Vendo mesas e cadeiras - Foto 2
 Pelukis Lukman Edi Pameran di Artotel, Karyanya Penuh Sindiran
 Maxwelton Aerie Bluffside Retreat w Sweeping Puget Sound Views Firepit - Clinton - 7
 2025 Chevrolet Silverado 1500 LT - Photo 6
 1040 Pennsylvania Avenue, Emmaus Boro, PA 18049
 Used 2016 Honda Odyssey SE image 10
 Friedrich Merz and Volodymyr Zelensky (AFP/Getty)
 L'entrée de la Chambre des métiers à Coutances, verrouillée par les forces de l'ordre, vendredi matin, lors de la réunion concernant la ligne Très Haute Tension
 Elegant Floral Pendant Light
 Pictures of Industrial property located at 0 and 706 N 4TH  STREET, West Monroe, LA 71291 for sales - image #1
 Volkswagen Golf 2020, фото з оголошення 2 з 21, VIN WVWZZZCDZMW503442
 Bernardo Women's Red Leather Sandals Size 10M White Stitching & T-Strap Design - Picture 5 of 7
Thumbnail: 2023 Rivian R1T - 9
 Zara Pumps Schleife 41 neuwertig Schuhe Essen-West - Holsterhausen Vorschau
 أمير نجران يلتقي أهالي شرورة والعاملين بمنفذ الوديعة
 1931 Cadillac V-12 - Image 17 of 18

::::

# TASK DESCRIPTION:
Exact copies are needed of the line with "L'entrée de la" and each line after it through the end of the material above.

# ANSWER AREA:
 L'entrée de la Chambre des métiers à Coutances, verrouillée par les forces de l'ordre, vendredi matin, lors de la réunion concernant la ligne Très Haute Tension
 Elegant Floral Pendant Light
 Pictures of Industrial property located at 0 and 706 N 4TH  STREET, West Monroe, LA 71291 for sales - image #1
 Volkswagen Golf 2020, фото з оголошення 2 з 21, VIN WVWZZZCDZMW503442
 Bernardo Women's Red Leather Sandals Size 10M White Stitching & T-Strap Design - Picture 5 of 7
Thumbnail: 2023 Rivian R1T - 9
 Zara Pumps Schleife 41 neuwertig Schuhe Essen-West - Holsterhausen Vorschau
 أمير نجران يلتقي أهالي شرورة والعاملين بمنفذ الوديعة
 1931 Cadillac V-12 - Image 17 of 18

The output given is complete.